Auch das 2023 erschienene Buch zeigt auf den Vorsatz- und Nachsatzseiten eine Karte Dresdens, Meinholds Stadtplan aus den 1930er-Jahren mit der Topografie des noch unzerstörten Stadtzentrums. Mit seiner Hilfe kann man die Wege und Orte der Dora Wachtel imaginieren, von denen Durs Grünbein aus dem Leben seiner Großmutter als junge Frau und Mutter in den Jahren 1936 bis zum Tag nach dem Feuersturm des 13. Februar 1945 in „Der Komet“ erzählt – in einer Verbindung von biografischem Bericht und kulturhistorisch erkundeter Alltagsgeschichte mit den Kinofilmen, Cafés oder anderen Vergnügungen jener Zeit, in die Grünbein eindringlich präzise auch die nationalsozialistische Atmosphäre und Prägung Dresdens einbringt.

Für die Bühne gibt es aber kaum etwas zu „dramatisieren“, und Tilmann Köhler wählt so folgerichtig wie naheliegend die heute im Theater nicht gerade selten zu erlebende epische Theaterform des kollektiven Erzählens, in der für Momente eine Figur aufscheinen kann, um dann schnell wieder im mehrstimmigen Strom der Erzählung zu verschwinden.

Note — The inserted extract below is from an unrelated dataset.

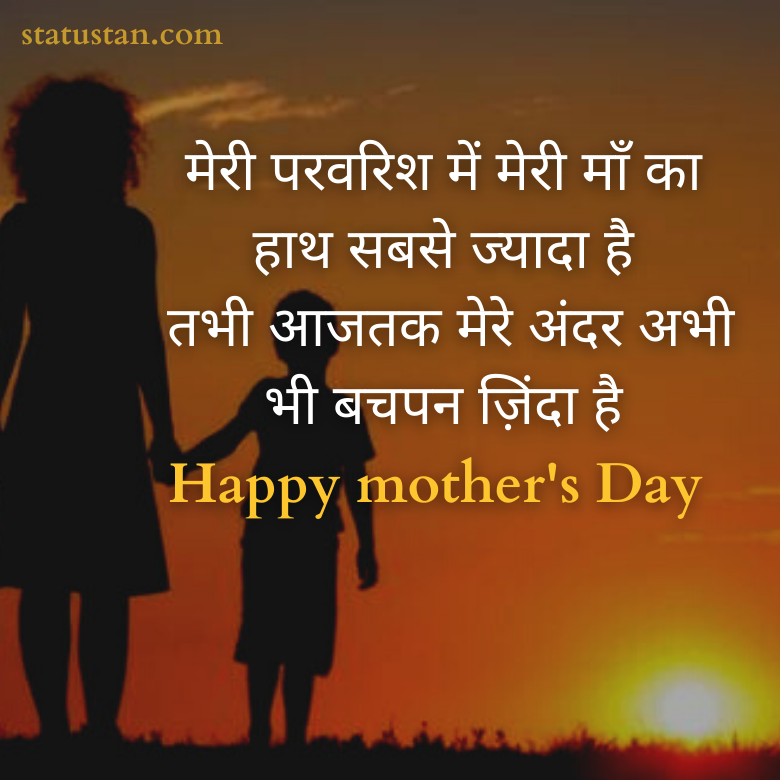 #{"id":1531,"_id":"61f3f785e0f744570541c36c","name":"happy-mothers-day-images","count":24,"data":"{\"_id\":{\"$oid\":\"61f3f785e0f744570541c36c\"},\"id\":\"803\",\"name\":\"happy-mothers-day-images\",\"created_at\":\"2021-05-08-14:36:30\",\"updated_at\":\"2021-05-08-14:36:30\",\"updatedAt\":{\"$date\":\"2022-01-28T14:33:44.931Z\"},\"count\":24}","deleted_at":null,"created_at":"2021-05-08T02:36:30.000000Z","updated_at":"2021-05-08T02:36:30.000000Z","merge_with":null,"pivot":{"taggable_id":264,"tag_id":1531,"taggable_type":"App\\Models\\Shayari"}}, #{"id":1532,"_id":"61f3f785e0f744570541c36d","name":"mothers-day-photos","count":24,"data":"{\"_id\":{\"$oid\":\"61f3f785e0f744570541c36d\"},\"id\":\"804\",\"name\":\"mothers-day-photos\",\"created_at\":\"2021-05-08-14:36:30\",\"updated_at\":\"2021-05-08-14:36:30\",\"updatedAt\":{\"$date\":\"2022-01-28T14:33:44.931Z\"},\"count\":24}","deleted_at":null,"created_at":"2021-05-08T02:36:30.000000Z","updated_at":"2021-05-08T02:36:30.000000Z","merge_with":null,"pivot":{"taggable_id":264,"tag_id":1532,"taggable_type":"App\\Models\\Shayari"}}, #{"id":1533,"_id":"61f3f785e0f744570541c36e","name":"happy-mothers-day-pictures","count":24,"data":"{\"_id\":{\"$oid\":\"61f3f785e0f744570541c36e\"},\"id\":\"805\",\"name\":\"happy-mothers-day-pictures\",\"created_at\":\"2021-05-08-14:36:30\",\"updated_at\":\"2021-05-08-14:36:30\",\"updatedAt\":{\"$date\":\"2022-01-28T14:33:44.931Z\"},\"count\":24}","deleted_at":null,"created_at":"2021-05-08T02:36:30.000000Z","updated_at":"2021-05-08T02:36:30.000000Z","merge_with":null,"pivot":{"taggable_id":264,"tag_id":1533,"taggable_type":"App\\Models\\Shayari"}}, #{"id":1534,"_id":"61f3f785e0f744570541c36f","name":"happy-mothers-day-pic","count":24,"data":"{\"_id\":{\"$oid\":\"61f3f785e0f744570541c36f\"},\"id\":\"806\",\"name\":\"happy-mothers-day-pic\",\"created_at\":\"2021-05-08-14:36:30\",\"updated_at\":\"2021-05-08-14:36:30\",\"updatedAt\":{\"$date\":\"2022-01-28T14:33:44.931Z\"},\"count\":24}","deleted_at":null,"created_at":"2021-05-08T02:36:30.000000Z","updated_at":"2021-05-08T02:36:30.000000Z","merge_with":null,"pivot":{"taggable_id":264,"tag_id":1534,"taggable_type":"App\\Models\\Shayari"}}, #{"id":1528,"_id":"61f3f785e0f744570541c369","name":"mothers-day","count":57,"data":"{\"_id\":{\"$oid\":\"61f3f785e0f744570541c369\"},\"id\":\"800\",\"name\":\"mothers-day\",\"created_at\":\"2021-05-08-14:36:02\",\"updated_at\":\"2021-05-08-14:36:02\",\"updatedAt\":{\"$date\":\"2022-05-06T16:52:01.877Z\"},\"count\":57}","deleted_at":null,"created_at":"2021-05-08T02:36:02.000000Z","updated_at":"2021-05-08T02:36:02.000000Z","merge_with":null,"pivot":{"taggable_id":264,"tag_id":1528,"taggable_type":"App\\Models\\Shayari"}}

Das hat den Vorteil, gerade bei einem solchen Buch, viel Kontext mitzuteilen, und den Nachteil einer minimalistischen Gestaltungsblässe.

Die choreografischen Formungen von Gal Fefferman wirken dem etwas entgegen, und das Ensemble insgesamt beherrscht ausgezeichnet das schnelle Wechselspiel zwischen der Erzählung von Doras liebloser Kindheit und Jugend in einem schlesischen Dorf und zum Beispiel der etwas neckischen Verwandlung der männlichen Schauspieler in meckernd ihre Hüterin kosende Ziegen. Nach einer reichlichen halben Stunde scheint diese Art des Erzählens auf der Bühne in Gleichförmigkeit erschöpft – aber es geschieht das kleine Wunder, dass es mit schärferen Konturen im Folgenden plötzlich sehr viel lebendiger wirken wird.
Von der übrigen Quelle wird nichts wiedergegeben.